Several years ago 'zebra mussels' found their way into the lake. They covered the rocks along the shoreline, posts on the docks, water intakes. Not many good things to say about zebra mussels except, they do filter the water and make the water noticably clearer.

Don
 
   / Stocking my little pond #19  
tbdonelly:

yes that is true about the zebra musselx, they DO surely filter the water, there was lots & lots of speculation about them when they invaded lake erie, none have paned out, mnow the dan ASIAN GOBIES are reaking havock with many of the species there. the zebra muscles made the purch fishing better though you have to go out farther, and may make th ePIKE fishing petter too. the walleye fishing declined some mostly due to the water clarity has made them go out deeper and not come up to shore so much. one side effect is that they are covering over a LOT of the polution that sets on the bottom, making large covering masses of muscel shells make the sand silt cover over the old mercury & lead posons out there... they first thought that they would eat all the food that the small fish need seems that they let the light get down farther so more zoo plancton can now grow in the light in deeper water colume and hense actually MORE zoo plancton that was prior to the zebras...
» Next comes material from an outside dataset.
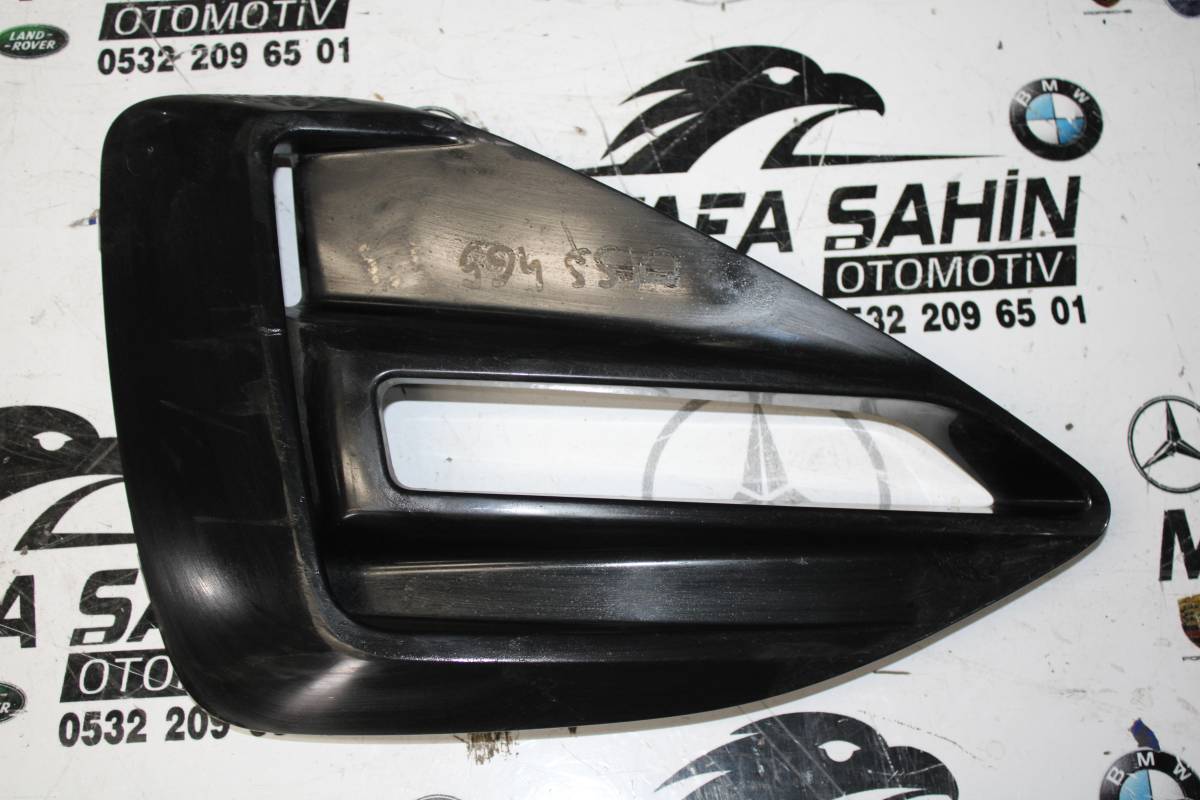 BMW 2 Serisi F44 Sol Ön Sis Farı Çerçevesi 8491643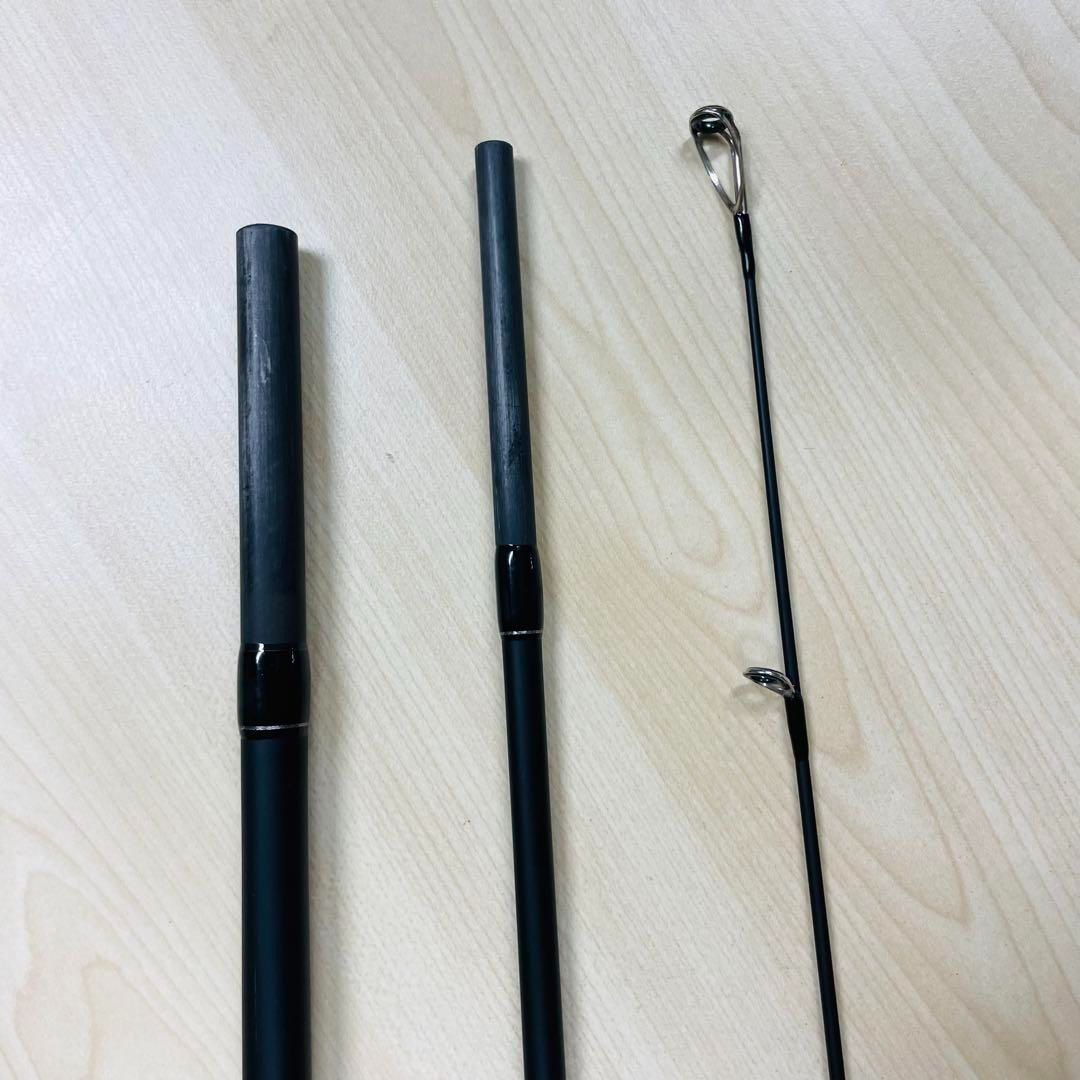 13.6フィート アキアジ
anyhow the small mouth fishing sure has gooten GOOD /forums/images/graemlins/smile.gif
/forums/images/graemlins/wink.gif

markM
 
   / Stocking my little pond #20  
Eddie, get a good stand of grass growing around your pond and you will stop most of the sediment clouding. I had problems with water washing down my road and bringing clay into my pond. I put several water bars across my road directed onto relatively flat grassed terraces. this stopped all but the worst runoff into the pond.